Trinity Journal
- Type: Weekly newspaper
- Owner: Wayne R. Agner
- Founder(s): Henry J. Seaman David E. Gordon
- Founded: 1856
- Language: English
- Headquarters: 500 Main Street Weaverville, California
- OCLC number: 28408144
- Website: trinityjournal.com

= Trinity Journal (newspaper) =

Weekly newspaper published in Weaverville, California

The Trinity Journal is a weekly newspaper in Weaverville, California.

== History ==
The newspaper was proceeded by the Trinity Times in December 1854 and the Weaverville Democrat in August 1855, which both ceased and were incorporated into the Weekly Trinity Journal. The paper was founded on Jan. 26, 1856 by Henry J. Seaman and David E. Gordon. Seaman disposed of his interests that July to E.J. Curtis, who retired in August 1857.

Gordon operated the Journal until January 1869. He was succeeded by Edward P. Lovejoy and Julius Andrews. Their partnership ceased that November. J.R Felter became a co-owner in January 1870 and left in September 1874. He was then replaced by C.W. Craig, who bought out Lovejoy in October 1877.

On Jan. 1, 1887, Dr. S.L. Blake and Mr. H.R. Given bought the Journal from Craig. At that time 16-year-old August F. Bremer was hired as an apprentice.

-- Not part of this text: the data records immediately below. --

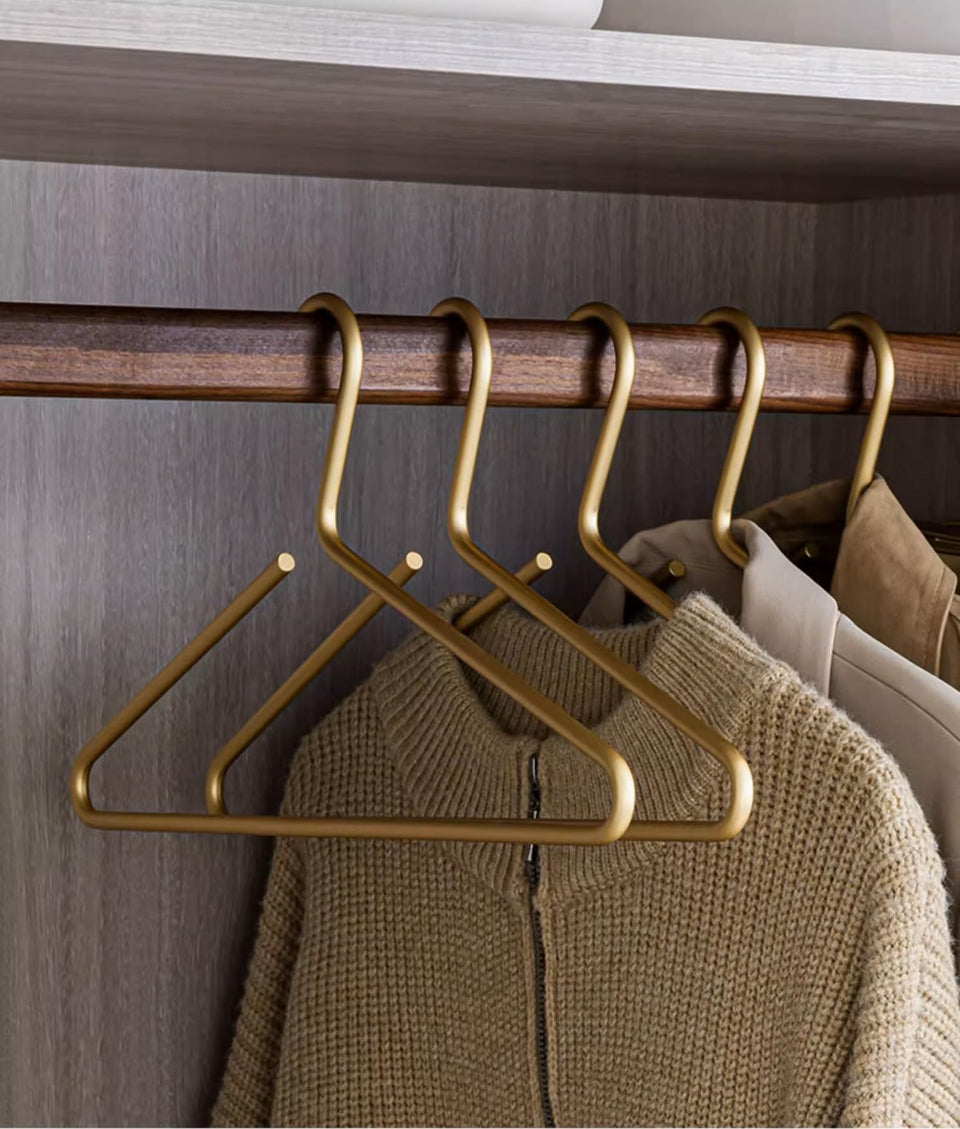 WONQEXZ premium matte gold hanger close-up showing durable aluminum construction.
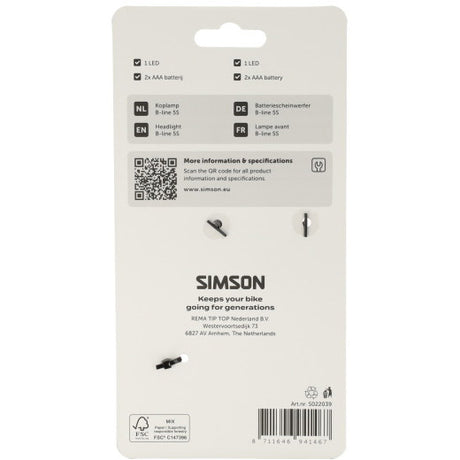 Rema tip top netherlands b.v. Simson faro anteriore aurora b-line 5s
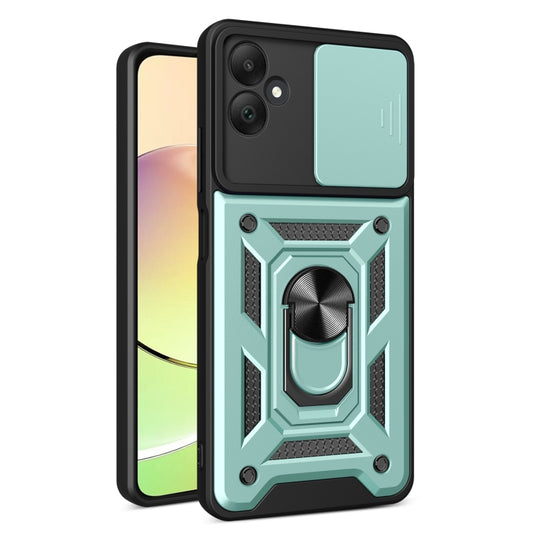 For Samsung Galaxy A05 Sliding Camera Cover Design TPU+PC Phone Case(Green)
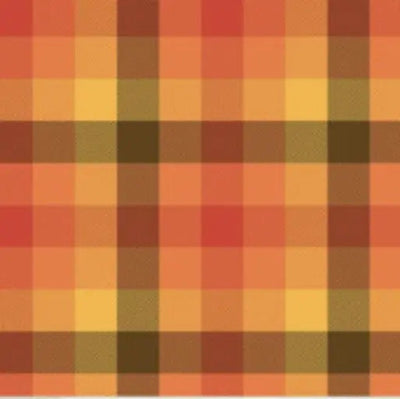 Tela Multi de Cuadros Naranja Ancha por Yarda
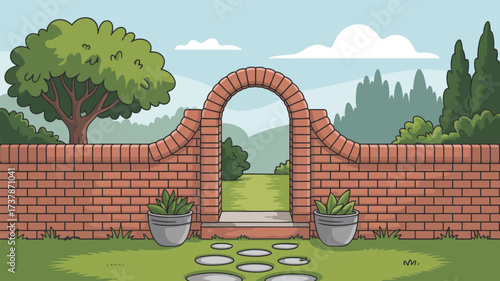 A cartoon garden scene with a brick wall archway leading to a green lawn and distant trees view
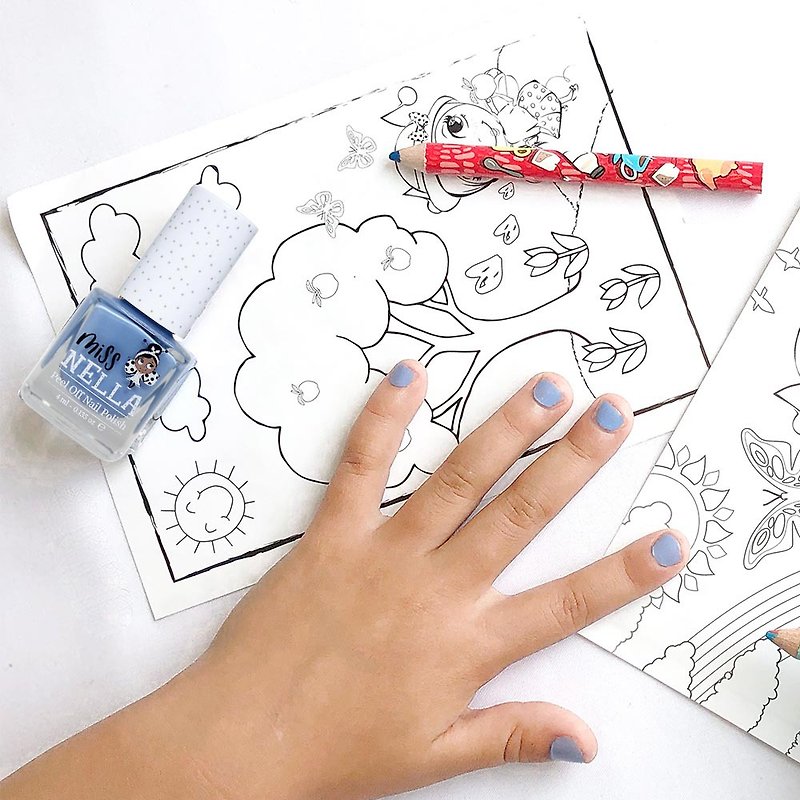 British [Miss NELLA] Children's water-based safe nail polish - Bell Blue (MN12) - ยาทาเล็บ - วัสดุอื่นๆ สีน้ำเงิน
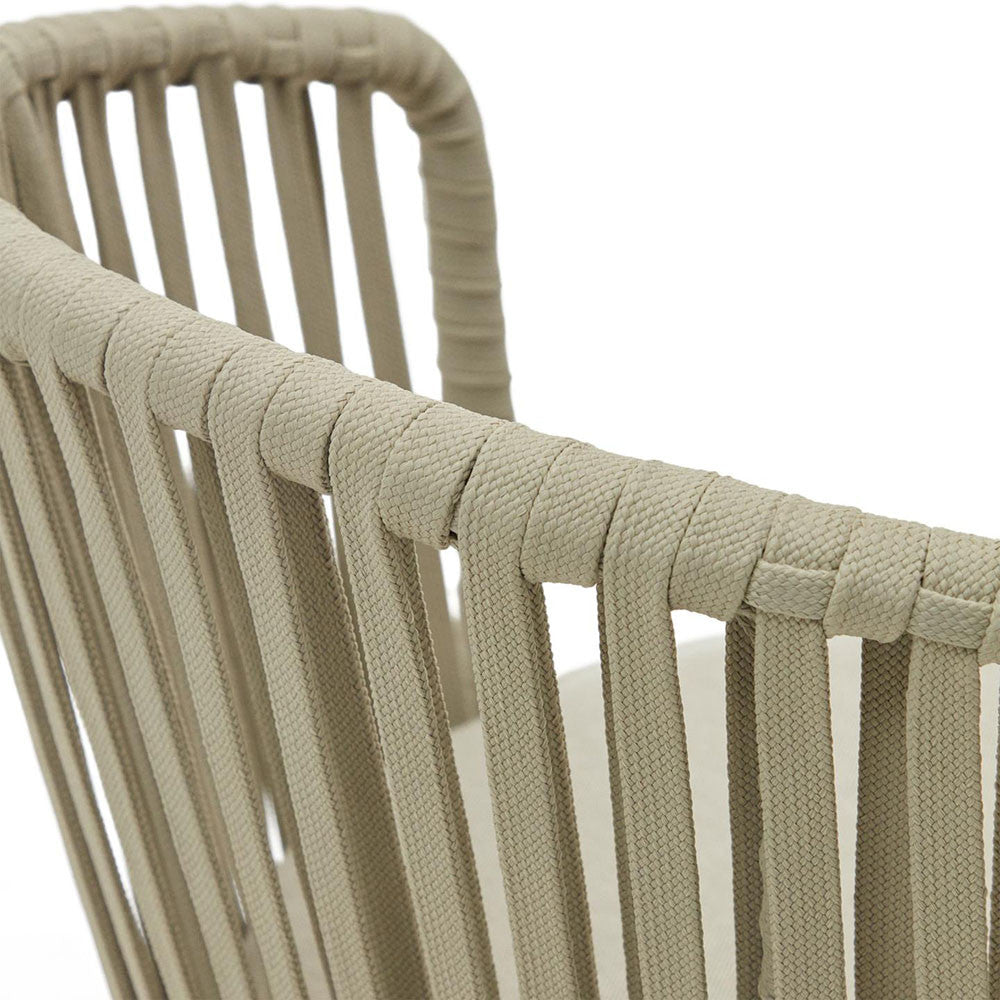 Scaun exterior dining bej din textil Saconca Kave Home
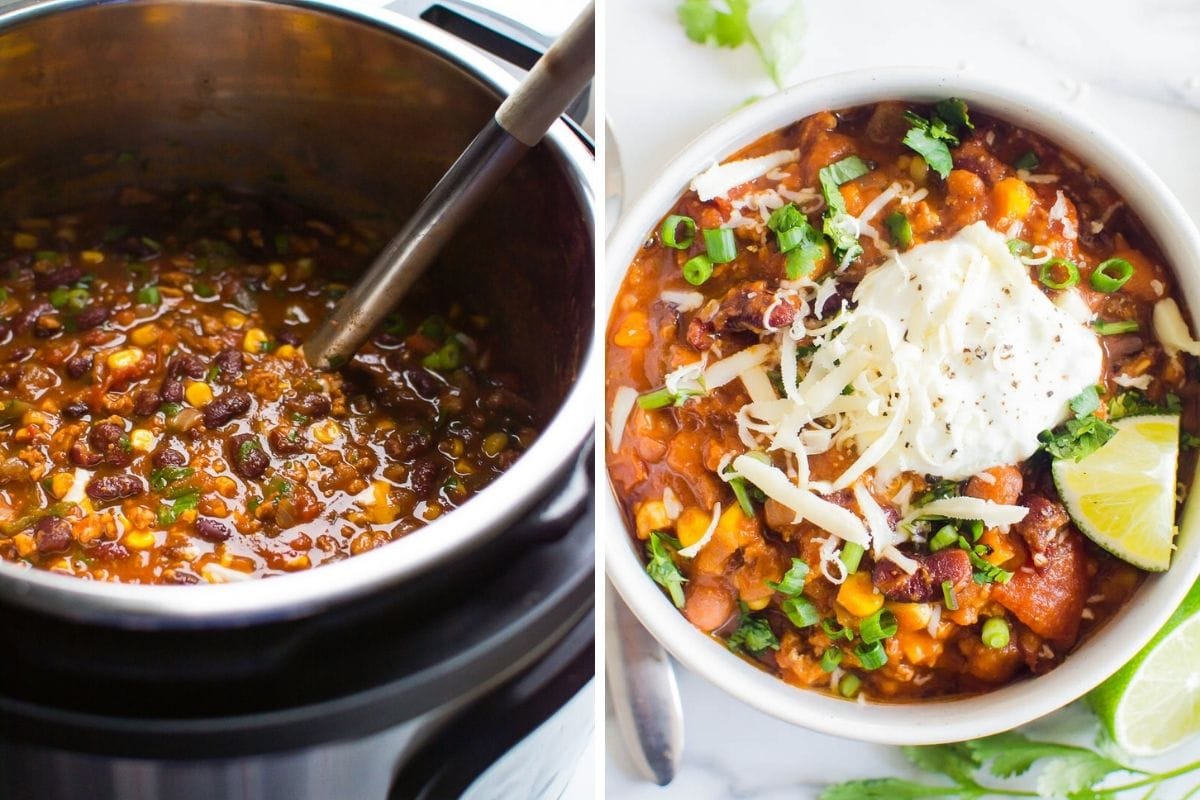 Instant pot turkey chili in a pressure cooker and a bowl with chili with sour cream and cheese.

Bremer bought a quarter interest in June 1895 and became foreman following the death of Mr. Shurtleff in 1896. Blake left and banker Charles Henry Edwards and H.R. Given became co-owners with Bremer in December 1907. Bremer left the paper in March 1908.

In 1913, Wade H. Wilson became foreman at the paper's printing plant. He managed the Journal for 16 years until retiring. Edwards died in June 1927. Two years later editor Wilson gave the paper to his widow Mrs. H.R. Given and Mrs. Eleanor C. Edwards who then briefly managed it until appointing R.A. Greenwall as publisher in December 1929. Greenwall owned the paper for 16 years and was named a Navy Editor by Frank Knox during World War II.

The paper was purchased by Russell C. Kenney in October 1945, Robert E. and Ferne Cook in September 1947, John H. and Vivien Steppling in August 1953, and William F. and Janet W. Asbury in August 1960. Soon after, William Asbury penned an editorial suggesting the town's name should be changed to Shangri-La. The idea was overwhelmingly voted down 43-2 at a local chamber meeting.

The Journal was bought by Ralph H. and Dorothy Costello in February 1962, and husband-and-wife John Martin and Linda Hawk in June 1967. By then the paper had 2,175 subscribers. Hawk became the paper's sole publisher in mid-1978. She sold the paper for $360,000 in April 1983 to Gary Mortenson, owner of the Pioneer Press in Fort Jones. At that time, the Journal had a circulation of 4,000. Hawk reacquired the paper in March 1985 and sold it again in April 1987 to Mark Lanz.

In April 1993, Mike and Sarah Wenninger bought the paper. In August 2001, the paper evacuated its office in Weaverville due to a forest fire in Oregon which was a quarter-mile away from town. The paper was delayed but the building went undamaged. After publishing the paper for 16 years, Wenninger sold it in February 2009 to Wayne R. Agner, formerly the managing editor at the Mohave Valley Daily News.